Ce rapport fait état d’une enquête sur les ressources familiales, réalisée par l’Office au mois d’août 1993, qui avait pour objectif d’analyser la répartition des pauvres et des riches à l’échelle de tout le territoire. S’appuyant sur les niveaux de vie et sur les conditions économiques actuelles du pays, cette étude a classé les familles vietnamiennes en quatre catégories: riche, aisée, moyenne et pauvre. La famille est classée riche lorsque le revenu moyen mensuel par individu y dépasse les 300 000 dôngs (150 F), aisée entre 300 000 et 150 000 dôngs (75 F), de niveau moyen entre 150 000 et 40 000 dôngs (20 F), pauvre au dessous de 40 000 dôngs (10). Les critères fixés pour mesurer la pauvreté ou la richesse paraissent d’un niveau excessivement modeste, mais, en réalité, ils sont relatifs à la situation économique générale d’un pays où le kilo de riz coûte autour de 2 400 dôngs et le prix d’un kilo de porc entre 7 300 et 15 000 dôngs (11).

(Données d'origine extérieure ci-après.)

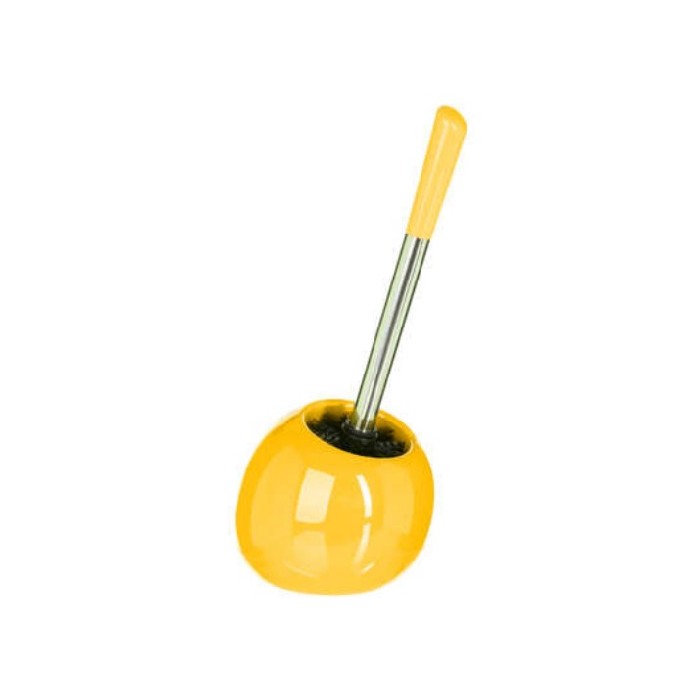 bathrooms/toilet-brushes/5five-yellow-toilet-brush-sun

Les résultats de l’enquête sont éloquents et donnent une bonne image de la répartition géographique des ressources familiales. Sur le plan national, 17,73 % des familles sont en dessous du seuil de pauvreté. 33,71 % des familles recensées dans les minorités ethniques appartiennent à cette catégorie. Elles sont aussi nombreuses au Nord et au Centre-Vietnam où l’on considère que 20,91 % des foyers doivent être classés comme pauvres. Au Sud, la proportion des familles pauvres n’est que de 6,34 %.

Les familles de « niveau moyen » constituent à peu près la moitié de la population globale (50,80 %). Ce type de famille est plus nombreux au Nord et au Centre (55,14 %) qu’au Sud (37,14 %) où les familles dites aisées représentent 44,30% de la totalité des familles, alors qu’elles ne constituent que 21,76 % des familles du Nord et du Centre. Les riches sont plus nombreux au Sud. 12,2 % des familles du Sud sont à ranger dans cette catégorie. Elles ne représentent que 2,16 % du total des foyers au Nord et au Centre.

Parallèlement à cette évolution, on note aussi une accentuation de la différence de ressources entre la campagne et la ville. Pour l’année 1993, le revenu individuel annuel en milieu rural était de 100 dollars, alors que ce revenu était de 220 dollars pour l’ensemble du pays. Le numéro du Nhân Dân, mentionné plus haut, faisait état d’une enquête partielle sur les ressources familiales en milieu rural récemment réalisée dans sept provinces. Elle portait sur 7 000 familles et concluait que plus de la moitié de ces familles vivaient au-dessous du seuil de pauvreté. Cette situation économique des familles rurales est d’autant plus étonnante que, depuis cinq ans déjà, la production agricole n’a cessé d’augmenter. Le Vietnam qui a produit 20 millions de tonnes de riz en 1993, vient d’augmenter de 5,2 % ses exportations de riz pour la première moitié de l’année 1994.

Loin des campagnes besogneuses, au coeur des villes apparaît aujourd’hui une classe de nouveaux riches, dont les ressources sont souvent dues à la spéculation. La presse vietnamienne a fait récemment état du soudain enrichissement des riverains du grand lac de Hanoi. Le prix du terrain y a plus que triplé en trois ans pour atteindre jusqu’à 5 500 francs le mètre carré. Pour augmenter la surface de terrains disponibles, les riverains ont même commencé à combler une partie du lac (12).